Operations centers are the focal point in times of crisis. Pictured here is the California Department of Transportation’s operations center.

Whether your job is to protect the local streets, your country or the company’s assets – the operations center is the central focal point in times of crisis. In the post-9/11 world, the stars have aligned to develop and harness new technologies to provide additional data for a more effective emergency response.


As the operations center increases in complexity, the technology intended to make your job easier could make things more confusing at the most critical times, when seconds matter most.

When operations centers were conceived, the theory was that if there was a call from the location where an incident was happening, an officer could quickly deploy resources to that location. Call boxes, radios and hard-wired telephone lines provided a pretty effective network of communications for emergency response.

More recently the dynamic of a cell phone in every citizen’s hand, and other technology developments such as alarms, license plate readers, analytics like gun shot detectors and facial recognition, GPS equipment vehicles and two way video surveillance intended to provide a more effective response, have at the same time led to information overload.


Billions of dollars are spent annually on video surveillance equipment. Video technology tied into an operations center creates a centralized bird’s eye view of incidents.

There are two issues surrounding video surveillance in an operations center environment: coverage and monitoring. Murphy’s Law tells you that what you are most interested in will happen in a location where you don’t have a camera.
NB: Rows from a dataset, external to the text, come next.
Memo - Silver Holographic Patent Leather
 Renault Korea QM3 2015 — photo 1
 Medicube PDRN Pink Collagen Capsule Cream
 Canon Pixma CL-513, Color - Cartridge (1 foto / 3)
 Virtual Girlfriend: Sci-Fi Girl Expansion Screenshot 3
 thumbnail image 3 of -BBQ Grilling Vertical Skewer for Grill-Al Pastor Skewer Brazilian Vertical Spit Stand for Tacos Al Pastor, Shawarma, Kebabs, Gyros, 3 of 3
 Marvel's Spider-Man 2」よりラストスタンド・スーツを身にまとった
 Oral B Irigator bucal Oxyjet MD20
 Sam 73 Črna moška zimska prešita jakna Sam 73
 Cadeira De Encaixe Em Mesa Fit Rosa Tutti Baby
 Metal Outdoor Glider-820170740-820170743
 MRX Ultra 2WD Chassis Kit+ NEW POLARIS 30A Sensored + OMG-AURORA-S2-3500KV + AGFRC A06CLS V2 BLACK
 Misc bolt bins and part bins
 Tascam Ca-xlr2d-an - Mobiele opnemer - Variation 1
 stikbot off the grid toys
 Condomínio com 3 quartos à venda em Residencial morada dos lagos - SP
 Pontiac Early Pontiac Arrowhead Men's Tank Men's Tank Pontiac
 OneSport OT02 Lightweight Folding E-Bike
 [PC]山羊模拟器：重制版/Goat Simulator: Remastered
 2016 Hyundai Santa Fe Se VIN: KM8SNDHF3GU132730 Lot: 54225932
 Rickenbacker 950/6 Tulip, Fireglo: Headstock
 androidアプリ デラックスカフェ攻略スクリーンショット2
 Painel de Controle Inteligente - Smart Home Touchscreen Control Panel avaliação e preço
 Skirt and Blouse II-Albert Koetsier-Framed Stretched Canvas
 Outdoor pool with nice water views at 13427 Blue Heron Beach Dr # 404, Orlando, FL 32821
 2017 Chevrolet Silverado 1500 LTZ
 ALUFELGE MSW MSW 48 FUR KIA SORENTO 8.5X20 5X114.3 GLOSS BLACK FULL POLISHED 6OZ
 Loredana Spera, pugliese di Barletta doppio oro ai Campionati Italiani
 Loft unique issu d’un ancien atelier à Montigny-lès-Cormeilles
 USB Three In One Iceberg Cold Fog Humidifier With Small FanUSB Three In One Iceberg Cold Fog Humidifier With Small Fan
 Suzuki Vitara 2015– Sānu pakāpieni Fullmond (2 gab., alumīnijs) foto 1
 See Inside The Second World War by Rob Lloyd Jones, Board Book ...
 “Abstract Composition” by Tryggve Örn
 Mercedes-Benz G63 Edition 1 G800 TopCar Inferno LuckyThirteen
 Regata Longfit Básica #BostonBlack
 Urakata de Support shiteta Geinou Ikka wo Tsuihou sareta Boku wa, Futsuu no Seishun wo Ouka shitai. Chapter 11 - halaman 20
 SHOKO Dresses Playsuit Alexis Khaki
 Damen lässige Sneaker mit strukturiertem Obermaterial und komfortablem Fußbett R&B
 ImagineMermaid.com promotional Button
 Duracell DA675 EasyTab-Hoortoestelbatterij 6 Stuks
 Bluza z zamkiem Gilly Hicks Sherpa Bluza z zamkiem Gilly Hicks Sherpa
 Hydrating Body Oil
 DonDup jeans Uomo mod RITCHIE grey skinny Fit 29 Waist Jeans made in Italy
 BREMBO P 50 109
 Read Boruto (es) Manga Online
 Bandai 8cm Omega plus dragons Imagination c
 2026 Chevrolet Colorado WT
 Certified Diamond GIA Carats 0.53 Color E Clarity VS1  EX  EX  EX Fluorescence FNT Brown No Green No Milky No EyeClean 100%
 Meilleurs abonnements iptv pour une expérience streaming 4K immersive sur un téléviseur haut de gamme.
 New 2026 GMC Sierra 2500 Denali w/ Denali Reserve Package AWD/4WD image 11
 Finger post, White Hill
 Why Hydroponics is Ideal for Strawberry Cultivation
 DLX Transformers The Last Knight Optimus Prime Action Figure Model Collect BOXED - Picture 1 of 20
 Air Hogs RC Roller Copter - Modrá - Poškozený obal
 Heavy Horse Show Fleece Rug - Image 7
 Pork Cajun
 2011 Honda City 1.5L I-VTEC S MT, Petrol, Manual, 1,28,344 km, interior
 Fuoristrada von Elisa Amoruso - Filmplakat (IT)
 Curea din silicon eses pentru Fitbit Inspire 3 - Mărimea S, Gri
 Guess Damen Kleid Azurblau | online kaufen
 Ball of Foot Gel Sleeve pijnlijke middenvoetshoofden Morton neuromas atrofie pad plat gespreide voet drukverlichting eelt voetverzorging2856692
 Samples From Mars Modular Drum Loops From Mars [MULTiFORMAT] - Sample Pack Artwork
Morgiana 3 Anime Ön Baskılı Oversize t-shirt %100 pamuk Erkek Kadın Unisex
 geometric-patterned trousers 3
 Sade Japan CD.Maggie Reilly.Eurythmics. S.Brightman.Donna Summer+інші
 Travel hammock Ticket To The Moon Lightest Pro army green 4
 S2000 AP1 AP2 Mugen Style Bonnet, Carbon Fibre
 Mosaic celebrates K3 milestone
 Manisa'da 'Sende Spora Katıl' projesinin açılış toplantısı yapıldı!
Studies demonstrate that an operator’s effectiveness diminishes very quickly while monitoring a video screen for more than 20 minutes.


Everywhere in the world of security and surveillance, there is talk of convergence, e.g., collapsing video surveillance networks onto the IP network. Another important convergence is that of various systems into a single, cohesive intelligent system.

The new vision is a converged operations center that has many features. One of them is access to data from various systems including video cameras, sensors, access control, RFID, GPS and intrusion detection systems. Sophisticated event correlation and tracking across systems is always helpful. State of the art collaboration tools can help prevent or solve security issues. Highly advanced visualization techniques including a large video wall are another ingredient in converged operations. There may be plans to install some emerging technology to make your job easier, but the lack of standards across these systems to enable interoperability may be preventing you from doing so.

Only when you take the various disparate systems and integrate them into a single cohesive system used to manage the situation will you have an operations center operating at maximum efficiency.

SIDEBAR: Roadmap to Integration of a Converged Operations Center

Map out your operational goals
  • When evaluating how to make your vision a reality – you must first map out what you want to accomplish from a day-to-day operations standpoint.
  • Determine what existing systems are still relevant.
  • Once you have outlined your goals, each installed system should be evaluated to determine if it is still relevant to enable your vision.
  • Create a phased implementation plan.
  • Due to the complexity or budgets, it is not always practical to take the “big bang” approach to deploying a system. So once you know where you want to go you’ll want to figure out the appropriate steps along the way.
  • Have a plan that has the flexibility to be deployed in modules.

Vendor Selection
  • Determine what vendors have a shared vision and product roadmap that accommodates your long-term goals. Understanding the roadmap and the refresh plan is critical. Do not accept forklift upgrades – look for companies that provide a seamless migration moving forward.
  • Implement the first phase and measure results.
  • Once you have the roadmap and have implemented the first phase of the plan, it is extremely important to measure the results.
  • Refine plan and implement next phase.
  • Once you have measured the results of the first phase – it’s time to determine if your roadmap is still relevant.